|no more pulling punches|
Earlier this week, SF Weekly told readers about the obscene column penned by John Steigerwald, a Pennsylvania sports writer who created a firestorm across the nation with his recent piece blaming Giants fan Bryan Stow for his own beating.
It wasn't just S.F. fans who were outraged; the article received so much negative attention that the Observer-Reporter has now banned online comments. (So much for that open forum.).
Since then, the newspaper has printed its own article claiming no responsibility for Steigerwald's opinion piece, in which the writer foolishly questioned Stow, who remains in critical condition after being beaten outside Dodger stadium, for wearing Giants attire to a Dodgers game.
The Observer-Reporter response states that Steigerwald's opinion piece "lacked sensitivity, for sure," but saw no reason to remove it.
"Newspaper readers here are familiar with Steigerwald enough not to take him too seriously," the newspaper wrote. "As for an apology, or an explanation of his views, that's up to the writer, whose views are not those of the Observer-Reporter."
Okay, fine. So then we went to Steigerwald's blog, where the beleaguered journalist has written his own response to the national firestorm.

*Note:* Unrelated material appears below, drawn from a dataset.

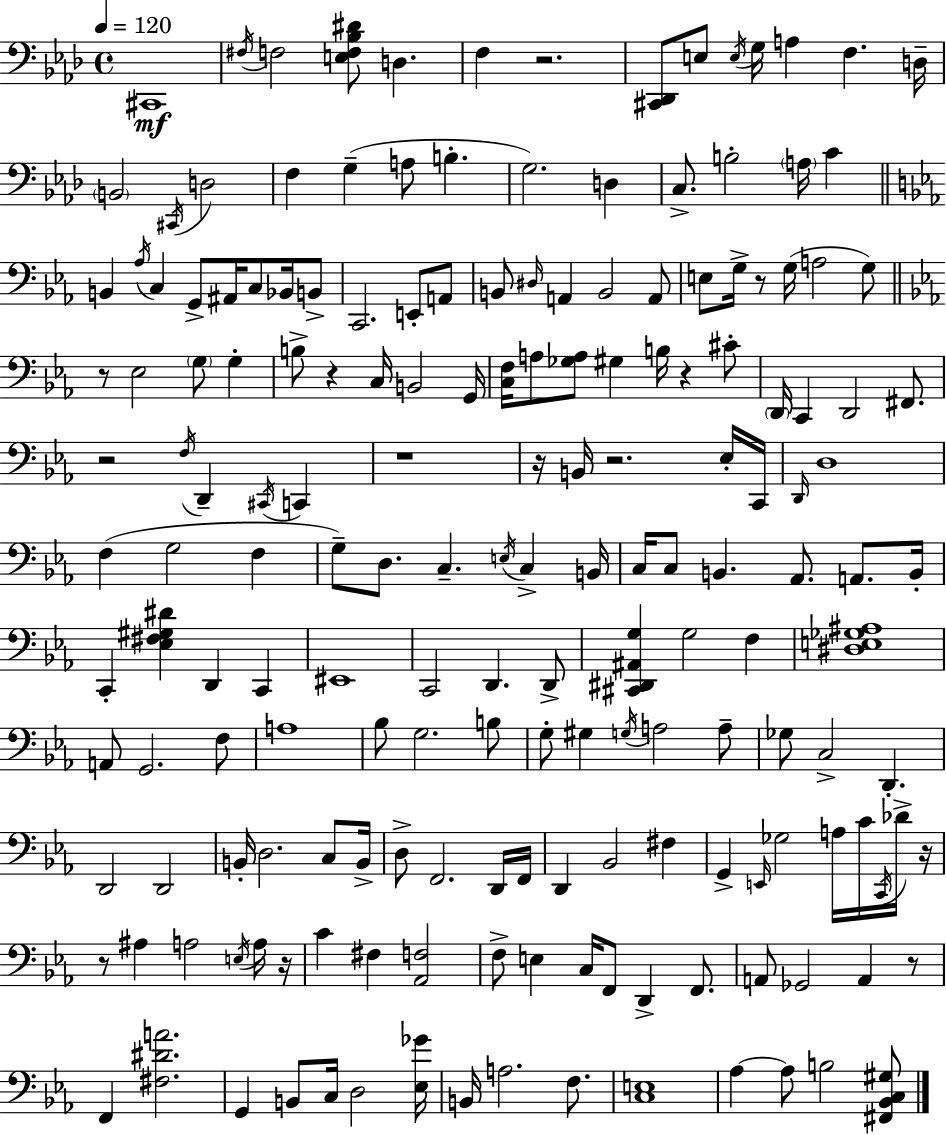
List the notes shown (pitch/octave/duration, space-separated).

Readers have called on him to apologize and pack his pens and notebooks.
To which Steigerwald replies:
"When I wrote 'Maybe somebody can ask Stow, if he ever comes out of his coma, why he thought it was a good idea to wear Giants gear to a Dodgers' home opener when there was a history of out of control drunkenness and arrests at that event going back several years', I can see by the responses that that came across as flippant and insensitive.
That was not my intent. If I had it to do over again, I would write it differently. I know what I felt in my heart when I wrote it and it was anger over what had happened to this guy over a stupid jersey.
I tried to explain my column point by point in one post and that was interpreted by some as proof that the first column was poorly written.
This blog and my book are called "Just Watch the Game." The theme running through much of the book, which has gotten me more positive response than anything that I've ever done in the media, is "When did watching the game stop being enough?" I know by the sales and the responses that I struck a chord with a lot of people.
A lot of what I write and say comes from that perspective. That doesn't make me right and anybody who decides to wear a jersey wrong.
It's an opinion.
A minority opinion.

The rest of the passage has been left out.